This is the tech stack l we've been using at Spendesk. It helped us listen to B2B signals, an interesting way to auto-identify & populate ICP accounts in our PRM, segment, enrich & push back to the leads to the CRM & outreach tools.
The not-so fun part of the story?
It involves the use of numerous tools, technical knowledge, and regular maintenance which revenue leaders were unable to utilize as effectively as we did.
At first, creating a Pandora's box is OK, but if other teams cannot leverage it, then you're just painstakingly inventing an unnecessary bottleneck that limits the potential of your system.
Introducing Cargo: The best of both worlds#
When it comes to revenue topics, involving too much engineering skill sets can lead to a loss of autonomy for revenue teams.
Data engineers don't have to regularly do minor tasks like editing data models or adding new sources or attributes.

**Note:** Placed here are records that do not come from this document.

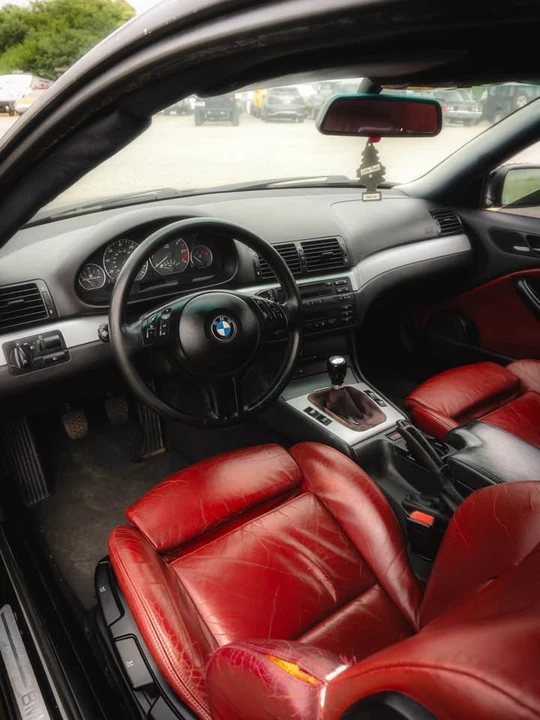 2001 BMW E46 330i & 330Ci - Image 7 of 11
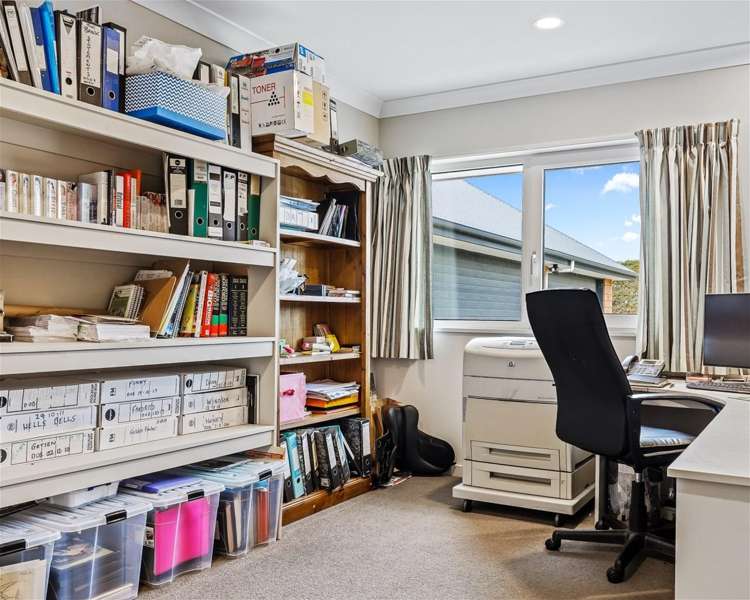 646 Grange Road Burnham_17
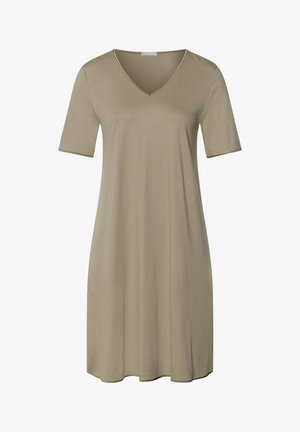 Korte mouwen, V-hals jurk in een lichte taupe kleur. Zachte, vloeiende stof met een relaxte pasvorm, voorzien van een gebogen zoom aan de onderkant.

Even small requests can cause operational inefficiencies due to time lags.
Armed with this experience, and seeing this problem persisting in many companies, it prodded us to build Cargo, a data warehouse-native UI that we call the "modern revenue stack." It serves as the next step after modern data stack adoption by building the bridge between the MDS and the biggest data consumers: revenue teams.
Cargo centralizes all necessary features mentioned above in a data warehouse-native UI made for modern revenue teams to leverage their data and unlock revenue growth.
TAM isn't just a number. It's a reflection of your understanding of the market and how you approach it.
By focusing on the right personas, sizing the market accurately, and leveraging modern tools, you set yourself up for scalable success.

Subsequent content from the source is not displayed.